Prove generali per il mondo che verrà.
Per quando ci saranno code per amare, per fare la rivoluzione, code per andare a spasso.
Vuole acculturarsi? Si metta in coda.
Ma c’è più cultura alla Vucciria, in un panino con la milza preso all’angolo di un strada, c’è più cultura negli occhi di mia nonna il giorno dei morti.
Ma non importa.
Passeggiamo tra i cimeli, è tutto un mausoleo, piramidi pubblicitarie, carta da parati a nascondere il vuoto. Gli standisti zombie non sanno cosa vendono.
I relatori non sanno cosa dicono. Le loro parole sbattono sulle vetrate di ingresso, non vedranno mai la realtà.
Poi Inni alla lettura, al ruolo benedico e salvifico della lettura, come se fosse uno yogurt con tanti fermenti lattici, una seduta di yoga, una sessione di pilates.
Leggi ti dicono dappertutto, leggi e sarai salvo. Non importa cosa leggi. Tu leggi.
Che alla fine vuol dire compra. Compra e sarai salvo.
E allora voi che ci fate lì dentro, ipocriti, approfittatori, paraculi?
Noi vogliamo solo un po’ rompere il cazzo, anche dall’angolo più buio e triste.
Anzi proprio dall’angolo più buio e triste, di fronte al muro, accanto ai cessi.
Per ricordare che la lettura può fare anche male, può piegare rompere spezzare una certezza, rinnovare un dolore non lasciandoci mai intatti.

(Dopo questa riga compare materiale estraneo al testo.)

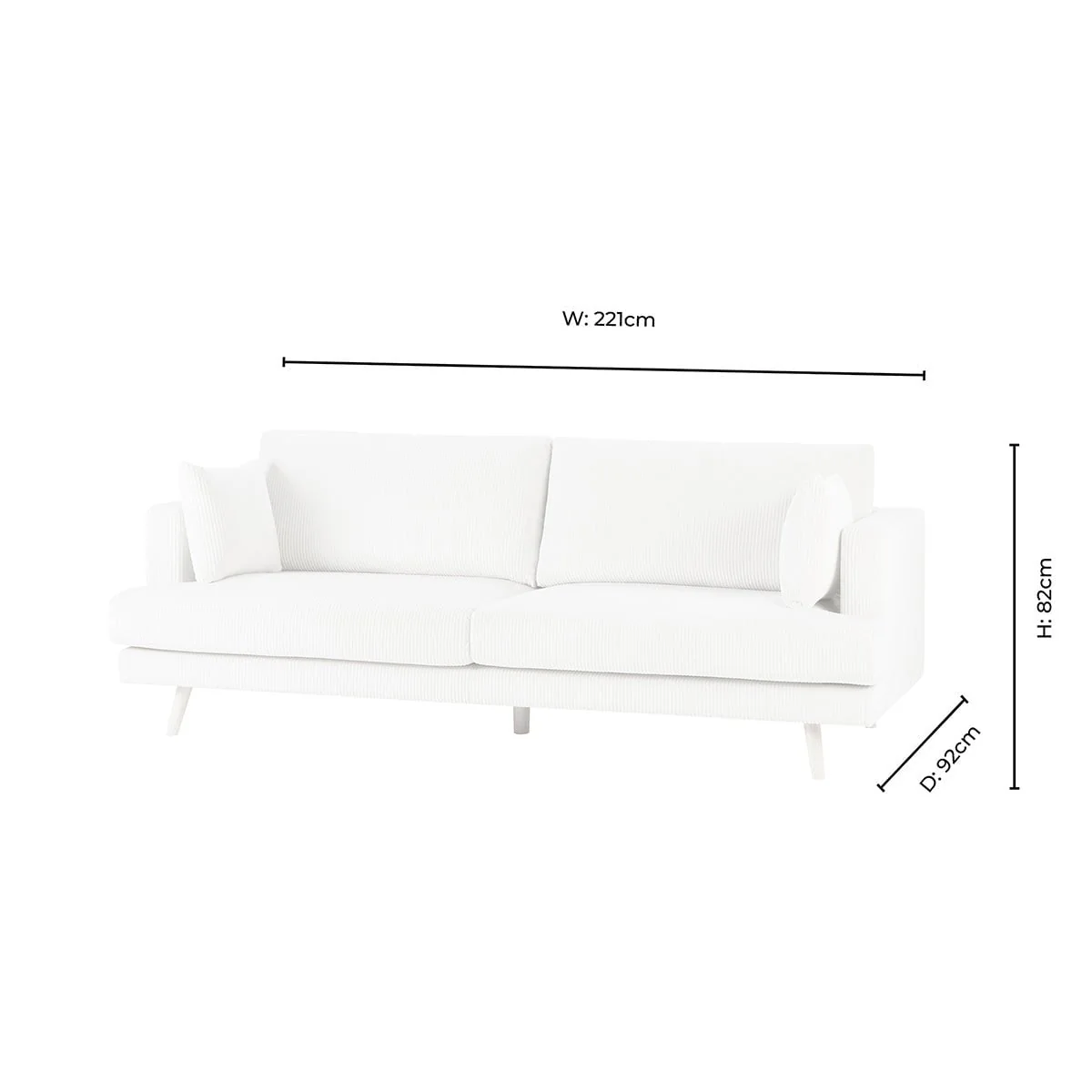 Sweden 3 Seater Sofa - Rib Ecru - Image 8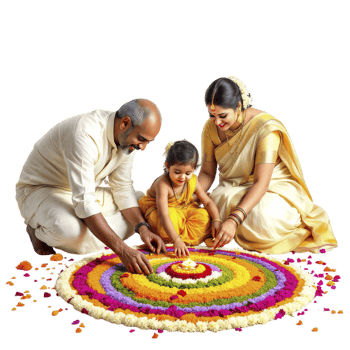 A family is making a rangoli with flowers png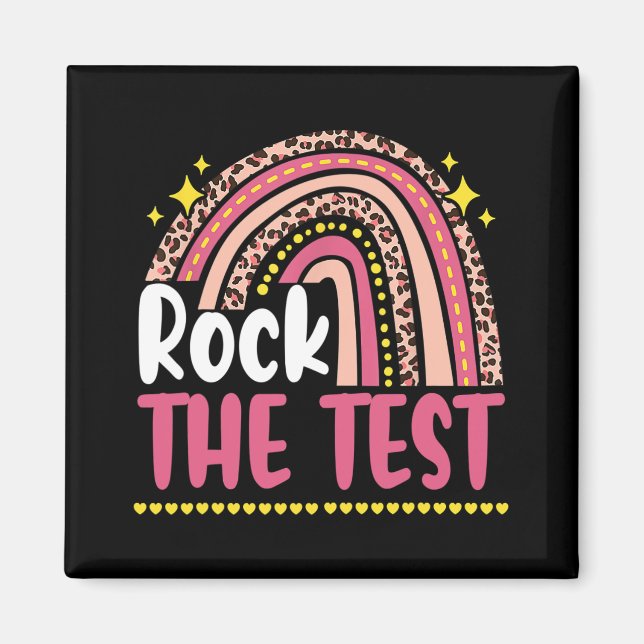 Aimant Day Rock The Test Teacher Test Day Rainbow Leop (Devant)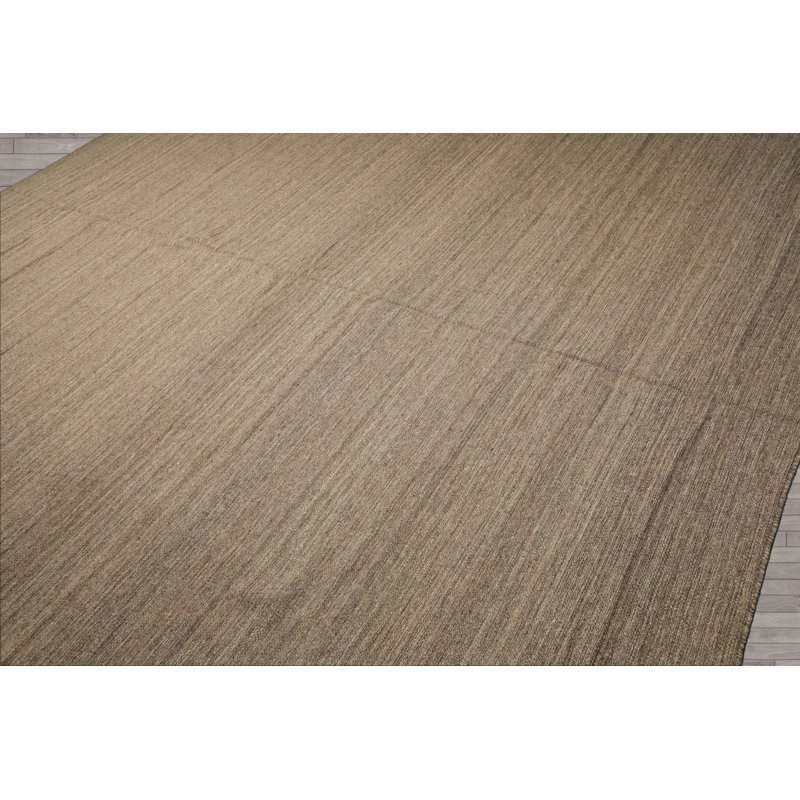 Tapis tissé à la main style moderne et contemporain en laine taupe 10 pi 1 po x 13 pi 10 po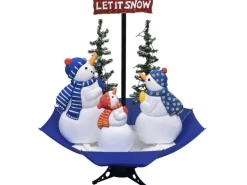 vidaXL Weihnachtsbaum mit Schnee und Schirm-Fuß Blau 170 cm PVC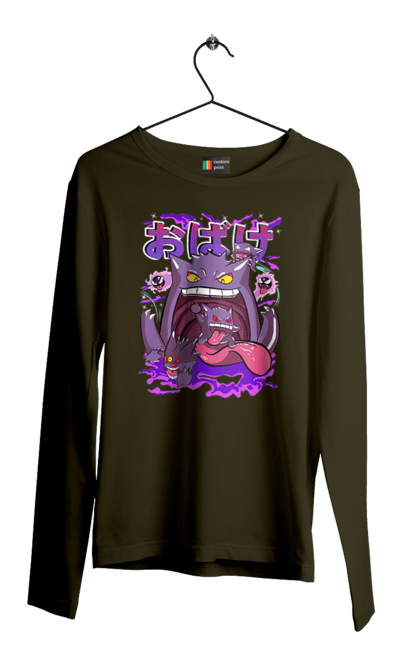 Men`s longsleeve with prints Pokemon Gengar. Anime, fushigibana, games, gengar, nintendo, pokemon, pokemon go. 2070702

Che la letteratura può anche puzzare di piscio, che leggere corrompe perverte deprava
e che ogni tanto si muore
anche.
Qualcuno una volta è morto per un verso.
Eserciti si sono battuti per un libro. Barricate si sono sollevate per un manifesto. Quindi non leggere.
È l’unica cosa che ci viene da dire al Salone del libro di Torino, a tutti quelli che hanno comprato il biglietto-indulgenza
, in cerca di una salvezza qualsiasi:
NON LEGGERE
Lo scriviamo sul muro. Lo scriviamo male.
Come un promemoria. Situazionismo da quattro soldi e fuori tempo massimo. Il giorno dopo la scritta non c’è più. Sono arrivati gli imbianchini a cancellare tutto.
Due mani di vernice grigia. Il muro è pulito.
Ed è giusto così. Il salone procede placido, nell’indifferenza generale.
Niente accade: va tutto bene, va tutto male.